En el origen del sacerdocio ministerial se contempla como norma fundante y vinculante la actuación del Señor en la elección de los doce Apóstoles, varones todos ellos, fundamento de la Iglesia, y principio y forma de todo ministerio ordenado posterior. Cristo «llamó a los que quiso…» El ministerio apostólico, por tanto, es gracia, brota de su libre voluntad como un don que se perpetuará en la Iglesia de todos los tiempos. Nadie tiene derecho a ser sacerdote; sólo aquellos que reciben -siempre inmerecidamente- el don de la elección. No se trata de discriminar a la mujer, sino de fidelidad al libre y soberano designio de Jesucristo que, por su Espíritu, reparte sus dones como quiere. En este sentido, tampoco los varones no ordenados pueden ejercer el ministerio sacerdotal.

La médula del ministerio sacerdotal es de carácter sacerdotal. Solamente el don del Espíritu Santo, recibido en la imposición de las manos del obispo, capacita a los ordenados para la re-presentación ministerial de Jesucristo, configurándolos con Él y pudiendo actuar con su autoridad y en su nombre. Como afirma el Papa, «ellos no recibieron solamente una función que habría podido ser ejercida después por cualquier miembro de la Iglesia, sino que fueron asociados especial e íntimamente a la misión del mismo Verbo encarnado». Entra, pues, dentro de la lógica sacramental que la gracia y el servicio de poder representar históricamente al Verbo de Dios, encarnado en figura de varón, se reserve sólo a los varones.

Con toda delicadeza, Juan Pablo II insiste en que no se trata en modo alguno de discriminar a la mujer. Las alusiones a su Carta apostólica Mulieris dignitatem invitan a leer la Ordinatio sacerdotalis a la luz de aquélla. La figura luminosa de María, elegida para ser la Madre de Dios y de la Iglesia, se alza como ejemplo eminente de la dignidad de la mujer, aun cuando no recibiera en su vida la misión apostólica. Y junto a ella, la ingente cantidad de mujeres cristianas, «verdaderas discípulas y testigos de Cristo en la familia y en la profesión civil, así como en la consagración total al servicio de Dios y del Evangelio», cuya dignidad y vocación específicas honra y agradece la Iglesia, por cuanto su presencia y participación en la misión sigue siendo necesaria e insustituible, «tanto para la renovación y humanización de la sociedad, como para descubrir de nuevo, por parte de los creyentes, el verdadero rostro de la Iglesia».

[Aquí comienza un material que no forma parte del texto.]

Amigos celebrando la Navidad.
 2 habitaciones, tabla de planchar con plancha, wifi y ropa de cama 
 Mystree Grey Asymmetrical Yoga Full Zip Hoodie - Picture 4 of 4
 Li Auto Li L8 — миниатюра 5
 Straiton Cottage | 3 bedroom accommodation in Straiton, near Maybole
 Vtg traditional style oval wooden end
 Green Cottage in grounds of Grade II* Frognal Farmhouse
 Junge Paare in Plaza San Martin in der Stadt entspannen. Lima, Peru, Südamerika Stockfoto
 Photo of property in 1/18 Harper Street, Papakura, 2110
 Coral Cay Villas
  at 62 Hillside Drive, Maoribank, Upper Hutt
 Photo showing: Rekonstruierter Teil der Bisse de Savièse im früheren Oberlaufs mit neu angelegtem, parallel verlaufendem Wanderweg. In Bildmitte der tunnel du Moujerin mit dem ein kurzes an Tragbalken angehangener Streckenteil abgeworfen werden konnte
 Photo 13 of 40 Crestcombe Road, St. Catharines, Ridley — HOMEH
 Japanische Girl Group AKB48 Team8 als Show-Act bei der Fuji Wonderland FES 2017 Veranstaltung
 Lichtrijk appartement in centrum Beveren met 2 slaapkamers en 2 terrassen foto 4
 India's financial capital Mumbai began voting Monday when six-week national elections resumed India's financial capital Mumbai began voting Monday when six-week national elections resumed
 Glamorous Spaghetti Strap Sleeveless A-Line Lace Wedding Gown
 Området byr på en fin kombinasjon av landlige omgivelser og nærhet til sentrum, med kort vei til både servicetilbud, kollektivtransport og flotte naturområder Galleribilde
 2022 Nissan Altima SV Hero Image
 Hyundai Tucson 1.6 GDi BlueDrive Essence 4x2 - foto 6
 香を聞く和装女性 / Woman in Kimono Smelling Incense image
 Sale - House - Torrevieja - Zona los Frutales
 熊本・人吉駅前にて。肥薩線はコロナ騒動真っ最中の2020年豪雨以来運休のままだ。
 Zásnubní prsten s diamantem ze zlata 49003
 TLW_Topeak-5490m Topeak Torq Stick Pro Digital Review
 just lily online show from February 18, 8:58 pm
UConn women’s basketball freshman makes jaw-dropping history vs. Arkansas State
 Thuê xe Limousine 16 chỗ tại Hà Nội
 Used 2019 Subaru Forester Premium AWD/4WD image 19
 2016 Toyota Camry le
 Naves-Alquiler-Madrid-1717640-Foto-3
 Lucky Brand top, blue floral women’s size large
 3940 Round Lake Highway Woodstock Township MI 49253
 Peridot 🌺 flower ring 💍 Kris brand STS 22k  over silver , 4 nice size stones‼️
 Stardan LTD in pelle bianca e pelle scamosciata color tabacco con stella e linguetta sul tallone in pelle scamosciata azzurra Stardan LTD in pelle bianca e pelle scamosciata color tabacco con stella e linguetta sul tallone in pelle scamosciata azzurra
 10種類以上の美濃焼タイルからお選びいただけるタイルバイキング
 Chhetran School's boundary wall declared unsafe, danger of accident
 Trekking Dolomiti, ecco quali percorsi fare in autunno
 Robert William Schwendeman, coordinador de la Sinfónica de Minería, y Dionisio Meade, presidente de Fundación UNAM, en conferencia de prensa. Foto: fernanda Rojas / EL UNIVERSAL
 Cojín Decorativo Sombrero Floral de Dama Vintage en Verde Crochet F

Andrés García de la Cuerda
Rector del Seminario de Madrid

«Los más grandes en el reino de los cielos no son los ministros, sino los santos»

La naturaleza del sacerdocio como gracia incluye su ejercicio como servicio. No se puede aspirar a él ni puede ser ejercido al modo y manera de los poderes de este mundo. Cuando así sucede, se desvirtúa su contenido y se pervierte su finalidad. Su servicio específico se ordena a la santificación de la vida de los fieles cristianos, injertándolos en la caridad de Cristo por la Palabra y los sacramentos. Y siempre bajo la forma de siervo, como el Señor, que no vino a ser servido, sino a servir y a entregar la vida en rescate por muchos. A este propósito, el Papa recuerda la doctrina paulina sobre los carismas: «El único carisma superior que debe ser apetecido es la caridad», porque, según la escala de valores del Evangelio, «los más grandes en el reino de los cielos no son los ministros, sino los santos».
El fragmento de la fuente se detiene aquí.